第2章 どうぞお好きな松を
「ついでに猫はいかがですか?」
隣にいた一松がいつの間にか黒猫へと変化していた。
猫は……嫌いではない。
頭をそっと撫でるとゴロゴロと喉を鳴らした。
そう言えば猫又っていう妖だって言っていたな。
「あー!!一松兄さん狡い!!廉ちゃん僕も撫でて!!」
『冷たっ!!引っ付くな!!』
「え!プロレスごっこっすか!じゃあ僕も!!」
私に引っ付いていたトド松と一松もろとも、十四松の首でぐるぐる巻きにされる。
『苦しいっ……』
「……っ十四松兄さん、カラ松兄さんもプロレスごっこやりたいって!」
「えっ!」
「そうなの!?よいしょー!!」
「アーーー!!!」
トド松の一言で十四松がカラ松へと標的を変えた。
カラ松は何とか固めをされ、悲鳴を上げる。
「助かった~って、一松兄さん!!………死んで、る…血文字で何か書いてるよ」
「何て書いてあるんだ?」
「"おっぱい"って書いてる……」
「幸せそうな死に顔だ……」
人の姿に戻っていた一松は鼻から血を流し横たわっていた。側でトド松とチョロ松が手を合わせている。

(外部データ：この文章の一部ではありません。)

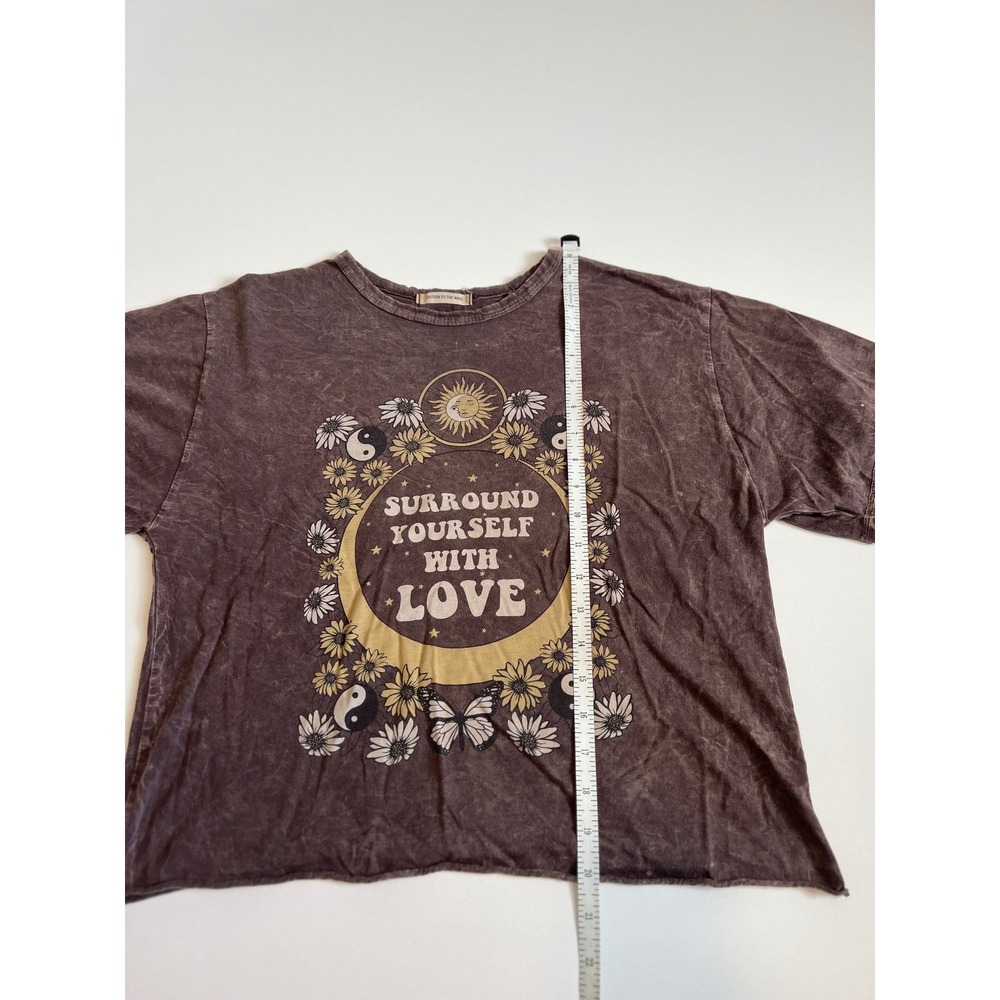 Caution To The Wind Brown Mineral Wash Graphic Crop T-Shirt Medium - Picture 8 of 8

「いーなぁー、いちまっちゃん!ラッキースケベじゃん!!ねぇねぇ、廉ちゃん俺にはしてくれないのー?」
『はぁ?何でそんな事、あんたにしなきゃいけないの』
「そう固いこと言わずにさ~、これから暫く一緒にいる訳だし?親交を深めるために良いでしょ?」
そう言ってすり寄ってくるおそ松に、ふと違和感を覚える。